By Erwin La Cruz

Do measures that pit machine translation against human interpreters give an accurate picture, asks Erwin La Cruz

The fight for translation supremacy between machines and humans rages on. The reports from the front line are delivered in code: LEPOR 0.68, NIST 0.56, BLEU 0.46, METEOR 0.56, WER 0.39. These acronyms are translation quality evaluation metrics. These metrics, and the algorithms that calculate them, are an integral part of the MT (machine translation) technology, making it possible to evaluate and refine the output of MT systems. But could this same technology be applied to assess interpreting students?

Before we can answer that question, we need to understand what translation quality metrics are. Training and evaluating MT systems require the use of big data. Neural-network translation models are trained using huge collections of sentences and their translations. The output of these systems is so large that manually assessing its quality is not practical in terms of cost and time. Researchers have solved this problem by developing algorithms that can automatically calculate translation quality metrics. These metrics assume that quality can be evaluated by focusing on two aspects: accuracy and fluency. Accuracy refers to lexical equivalence between the original and its translation, while fluency is determined by how grammatical a translated sentence is.

In 2018, Microsoft announced that its automatic translation system had achieved parity with human Chinese translators, reporting their MT achievement as matching human translations on a 0.69 BLEU score (where 0.7 is considered very good).1 The Bilingual Evaluation Understudy (BLEU) score is one of the most common metrics used to evaluate MT quality. It is easy to compute and implement in different languages as it does not need language-specific parsers or synonym sets. BLEU scores also correlate closely with the ranking of translation quality by human assessors. 

As with other translation metrics, the basic unit of analysis for BLEU is the sentence. Taking the sentence hay un gato en la alfombra and its correspondent reference ‘there is a cat on the mat’ in an English-Spanish parallel corpus, how would the BLEU algorithm assess the translation candidate ‘mat on is cat the’? First it takes into account how many words in the candidate appear in the reference – in this case five out of seven, which suggests an accurate translation. However, comparing individual words tells us little about how readable a sentence is.

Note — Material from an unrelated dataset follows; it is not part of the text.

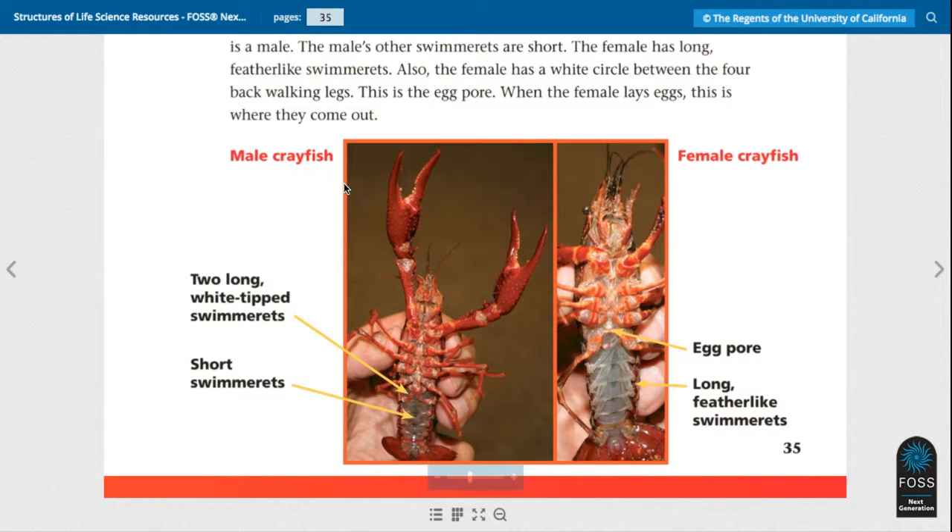This is the male crayfish. It has two white-tipped swimmerettes right there — see the tips? And it has short swimmerettes. The female has the egg pore right here, and it has long feather-like swimmerettes.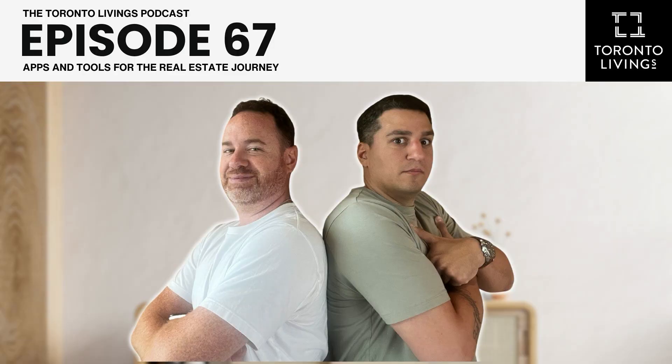Welcome to the Toronto Livings podcast, a conversation about all things Toronto with a focus on real estate, the culture, and of course the food. I'm Mark Savell and I'm Joey Virgilio, and we're realtors with Sage Real Estate working together as a Toronto Livings team with a focus on helping you buy better, sell higher, and of course having a little bit of fun.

Although accurate in terms of lexical equivalence, a translation like ‘mat on is cat the’ is not fluid or grammatical. To account for fluidity – or grammatical adequacy – the BLEU algorithm calculates a higher score when longer word sequences match in the candidate and the reference sentences. The candidate ‘the cat is on the mat’ gets a higher score because it matches the longer sequence ‘on the mat’.

The BLEU score is calculated for individual sentences, but it is really meant to be used as a metric for the translation of a whole corpus. The final score for a given corpus is the mean score of all individual sentences. The scale goes from 0 to 1, with 1 meaning a perfect match between the candidate translation and reference sentences. In practical terms, a BLEU score of 0.70 is very good, while one below 0.20 means the translation is of no practical use.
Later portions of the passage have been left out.